There are other rules differences as well. Each team fields only four skaters (plus a goaltender), rather than ice hockey's five. Many leagues do not stop play for icing. Offsides rules are generally looser as well; a few leagues call offsides only on the center line, while most omit the rule entirely.
All of this adds up to a game focused more on skill and speed and less on strength and intimidation. Skaters have more room to maneuver and fewer obstacles to slow them down. Games are typically faster-paced and higher-scoring, while still retaining many of the same skills and strategies as ice hockey.
There are two lines of sanctioning bodies for inline hockey : The International Ice Hockey Federation organizes IIHF Inline Hockey World Championships but the sport is recognized as being governed by the International Roller Sports Federation which organizes FIRS Inline Hockey World Championships.
One of the most fundamental differences between the IIHF and FIRS-sanctioned versions of inline hockey lies within the dimensions of the net. The IIHF simply retains the use of ice hockey nets. However the FIRS rulebook substitutes the traditional ice hockey cage for a lower and narrower model patterned after the one used in rink hockey, the FIRS' flagship sport, however most FIRS leagues in the United States and Canada opt for the more popular and common ice hockey nets.
Inline Hockey is being introduced to to boys and girls in many different countries, as seen here with some young Argentina girls learning the game.

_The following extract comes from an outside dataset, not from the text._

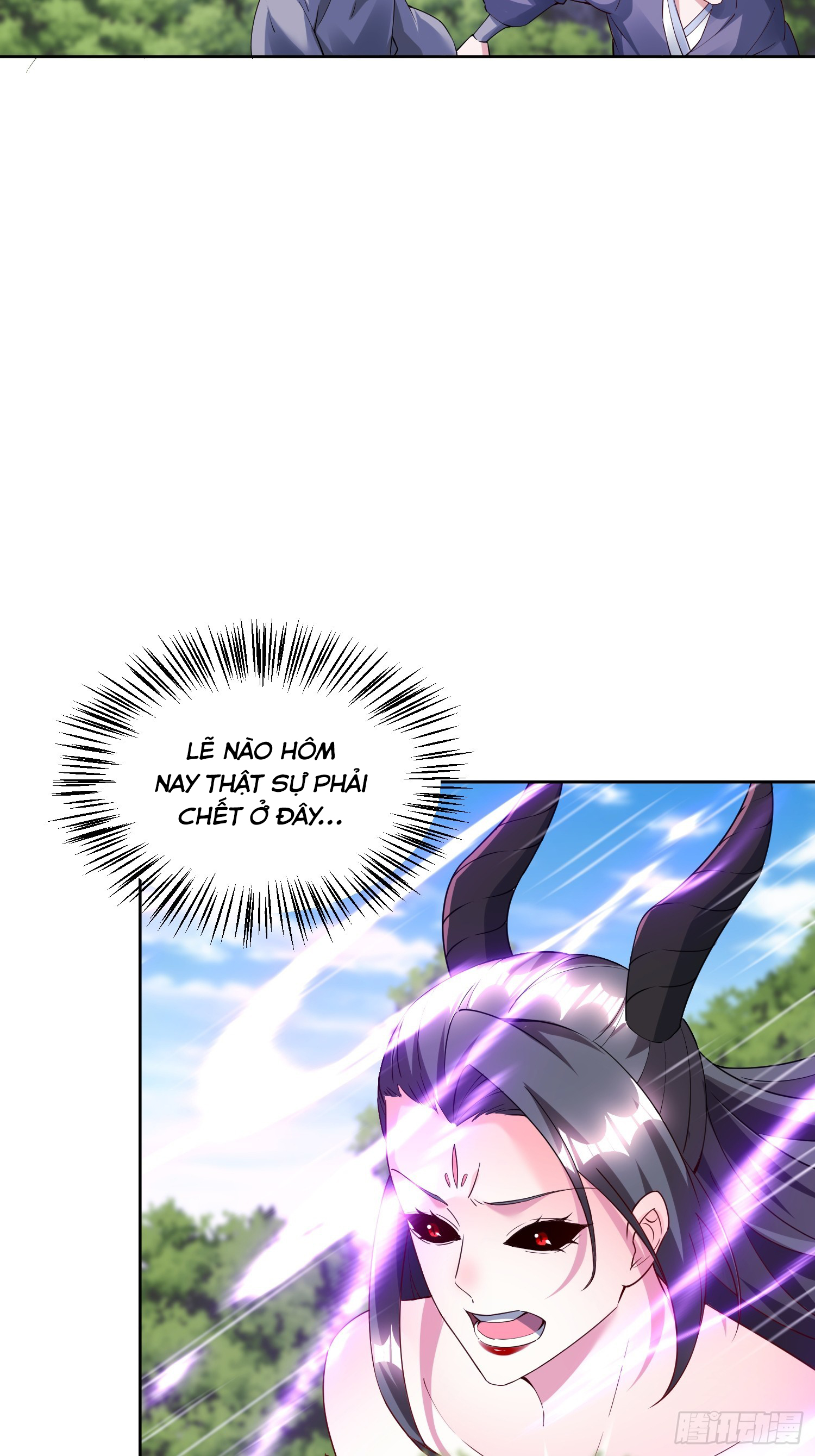 Trời Má ! Ta Chuyển Sinh Thành Rùa ! Chapter  93 - 30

John Joseph Merlin was born September 17, 1735 in Huys, Belgium. He was the 1st recorded person to invent a roller skate / inline skate, doing so in the 1760s in London , England. Merlin wore a pair of his new skates to a masquerade party he was invited to at Carlisle House in London. He was well known as a inventor, but not a very good skater. Upon entering the masquerade party on his roller skates, playing a violin, he could not control the direction of his skates and crashed into a large mirror, crushing his violin and severely injuring himself on the broken mirror glass, ending his violin and roller skating careers, and possibly setting back the sport of roller skating many years.
Monsieur Petitbled was the 1st to patent a roller skate / inline skate, doing so in 1819, while in Paris, France. The Petitbled skate was a inline skate with a wood sole, leather straps and three wheels made of wood, metal or ivory. These skates only went forward.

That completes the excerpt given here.